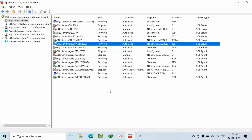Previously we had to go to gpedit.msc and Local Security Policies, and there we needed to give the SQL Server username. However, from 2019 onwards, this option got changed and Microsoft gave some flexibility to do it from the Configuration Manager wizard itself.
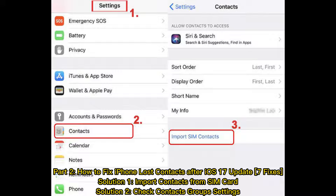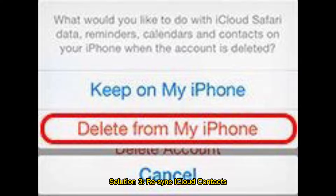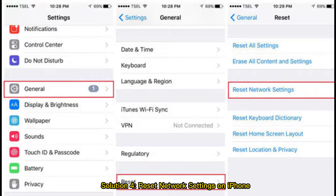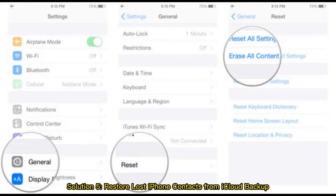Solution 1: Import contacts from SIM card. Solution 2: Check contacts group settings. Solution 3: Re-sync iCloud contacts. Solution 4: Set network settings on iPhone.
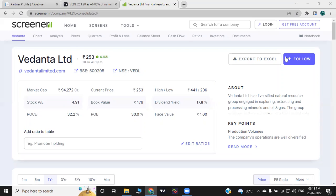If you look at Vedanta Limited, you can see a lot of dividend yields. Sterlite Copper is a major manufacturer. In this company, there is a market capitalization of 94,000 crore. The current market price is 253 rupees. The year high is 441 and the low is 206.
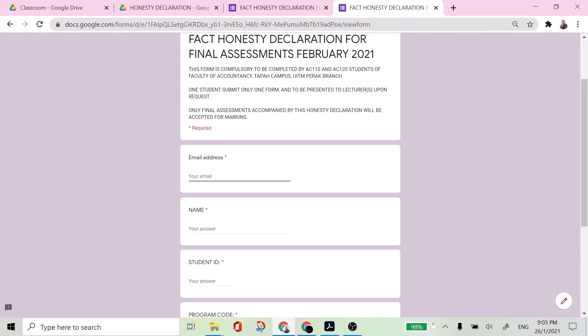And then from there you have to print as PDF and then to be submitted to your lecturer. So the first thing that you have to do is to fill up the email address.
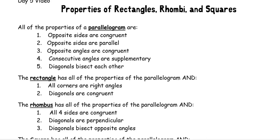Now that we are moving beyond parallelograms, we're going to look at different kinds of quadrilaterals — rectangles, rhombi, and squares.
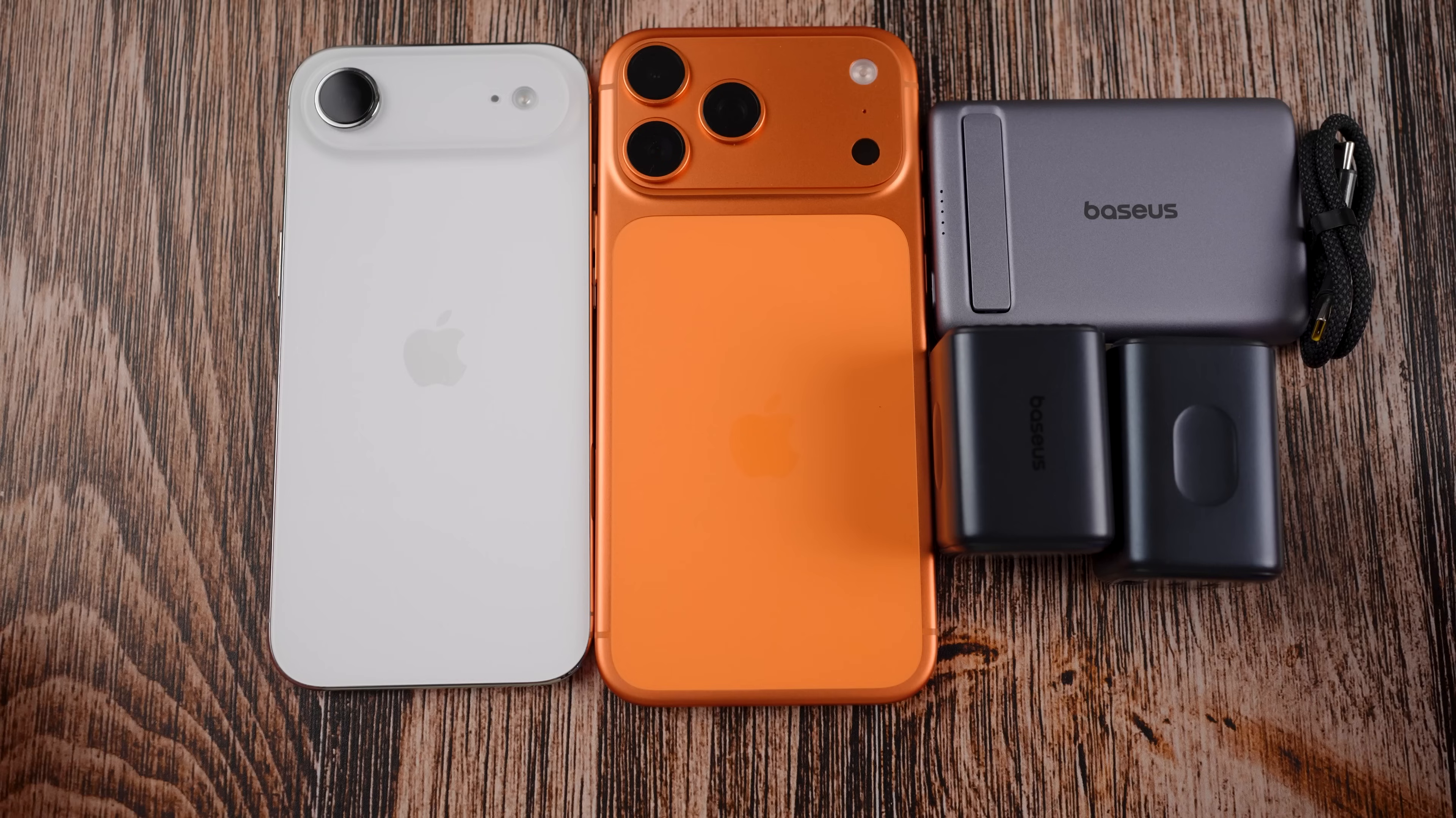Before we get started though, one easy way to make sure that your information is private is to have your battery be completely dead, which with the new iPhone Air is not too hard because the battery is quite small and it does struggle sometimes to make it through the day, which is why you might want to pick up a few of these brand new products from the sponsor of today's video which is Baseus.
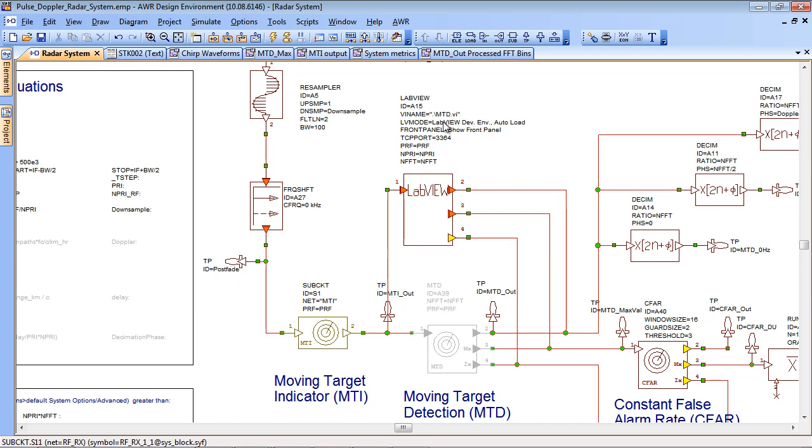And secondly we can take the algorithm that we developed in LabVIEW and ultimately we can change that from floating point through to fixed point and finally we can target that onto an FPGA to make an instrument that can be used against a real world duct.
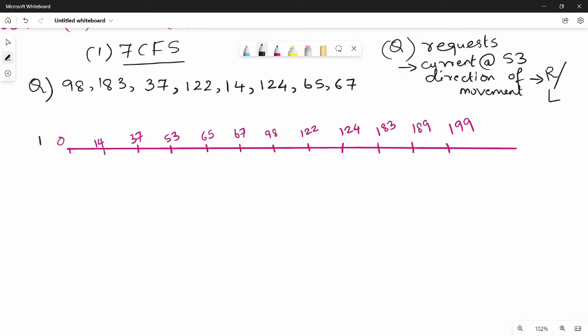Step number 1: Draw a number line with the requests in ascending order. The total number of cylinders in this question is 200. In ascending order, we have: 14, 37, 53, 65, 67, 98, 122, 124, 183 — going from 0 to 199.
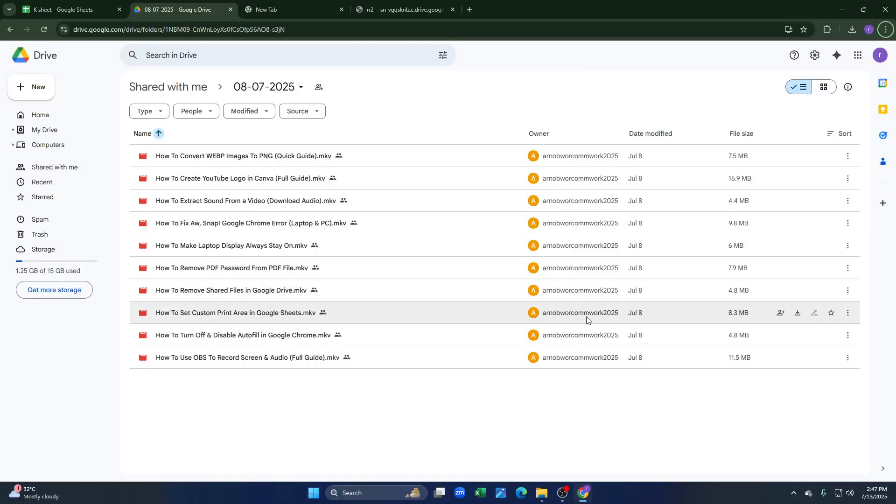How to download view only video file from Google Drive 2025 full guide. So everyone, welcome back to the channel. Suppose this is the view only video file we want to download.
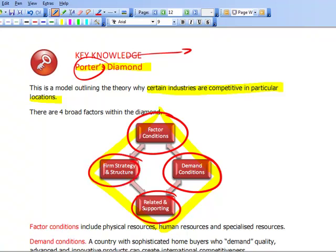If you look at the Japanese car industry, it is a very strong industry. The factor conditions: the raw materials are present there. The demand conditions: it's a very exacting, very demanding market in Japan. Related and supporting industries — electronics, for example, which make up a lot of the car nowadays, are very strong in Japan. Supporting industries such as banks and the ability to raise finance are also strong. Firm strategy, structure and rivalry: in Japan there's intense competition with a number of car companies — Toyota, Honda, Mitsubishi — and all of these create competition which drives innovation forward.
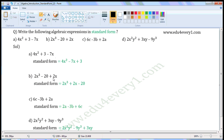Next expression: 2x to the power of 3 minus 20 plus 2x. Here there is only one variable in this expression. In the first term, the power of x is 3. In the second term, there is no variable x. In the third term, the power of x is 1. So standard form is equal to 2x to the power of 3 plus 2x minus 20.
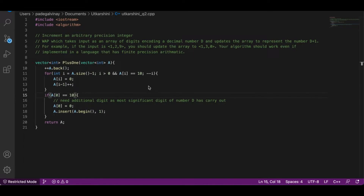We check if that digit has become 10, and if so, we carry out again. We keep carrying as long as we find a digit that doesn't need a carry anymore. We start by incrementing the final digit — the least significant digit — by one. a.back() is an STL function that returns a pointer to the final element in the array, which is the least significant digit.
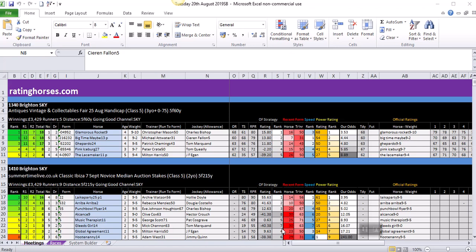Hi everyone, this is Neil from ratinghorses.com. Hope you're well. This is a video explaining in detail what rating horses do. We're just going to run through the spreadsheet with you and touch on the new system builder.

---------------

## WHAT TO WORK ON
Retype all the data exactly; skip the pictures.

## EXERCISE RESULT
Previously we had to go to gpedit.msc and Local Security Policies, and there we needed to give the SQL Server username. However, from 2019 onwards, this option got changed and Microsoft gave some flexibility to do it from the Configuration Manager wizard itself.
Solution 1: Import contacts from SIM card. Solution 2: Check contacts group settings. Solution 3: Re-sync iCloud contacts. Solution 4: Set network settings on iPhone.
If you look at Vedanta Limited, you can see a lot of dividend yields. Sterlite Copper is a major manufacturer. In this company, there is a market capitalization of 94,000 crore. The current market price is 253 rupees. The year high is 441 and the low is 206.
And then from there you have to print as PDF and then to be submitted to your lecturer. So the first thing that you have to do is to fill up the email address.
Now that we are moving beyond parallelograms, we're going to look at different kinds of quadrilaterals — rectangles, rhombi, and squares.
Before we get started though, one easy way to make sure that your information is private is to have your battery be completely dead, which with the new iPhone Air is not too hard because the battery is quite small and it does struggle sometimes to make it through the day, which is why you might want to pick up a few of these brand new products from the sponsor of today's video which is Baseus.
And secondly we can take the algorithm that we developed in LabVIEW and ultimately we can change that from floating point through to fixed point and finally we can target that onto an FPGA to make an instrument that can be used against a real world duct.
Step number 1: Draw a number line with the requests in ascending order. The total number of cylinders in this question is 200. In ascending order, we have: 14, 37, 53, 65, 67, 98, 122, 124, 183 — going from 0 to 199.
How to download view only video file from Google Drive 2025 full guide. So everyone, welcome back to the channel. Suppose this is the view only video file we want to download.
If you look at the Japanese car industry, it is a very strong industry. The factor conditions: the raw materials are present there. The demand conditions: it's a very exacting, very demanding market in Japan. Related and supporting industries — electronics, for example, which make up a lot of the car nowadays, are very strong in Japan. Supporting industries such as banks and the ability to raise finance are also strong. Firm strategy, structure and rivalry: in Japan there's intense competition with a number of car companies — Toyota, Honda, Mitsubishi — and all of these create competition which drives innovation forward.
Next expression: 2x to the power of 3 minus 20 plus 2x. Here there is only one variable in this expression. In the first term, the power of x is 3. In the second term, there is no variable x. In the third term, the power of x is 1. So standard form is equal to 2x to the power of 3 plus 2x minus 20.
We check if that digit has become 10, and if so, we carry out again. We keep carrying as long as we find a digit that doesn't need a carry anymore. We start by incrementing the final digit — the least significant digit — by one. a.back() is an STL function that returns a pointer to the final element in the array, which is the least significant digit.
Hi everyone, this is Neil from ratinghorses.com. Hope you're well. This is a video explaining in detail what rating horses do. We're just going to run through the spreadsheet with you and touch on the new system builder.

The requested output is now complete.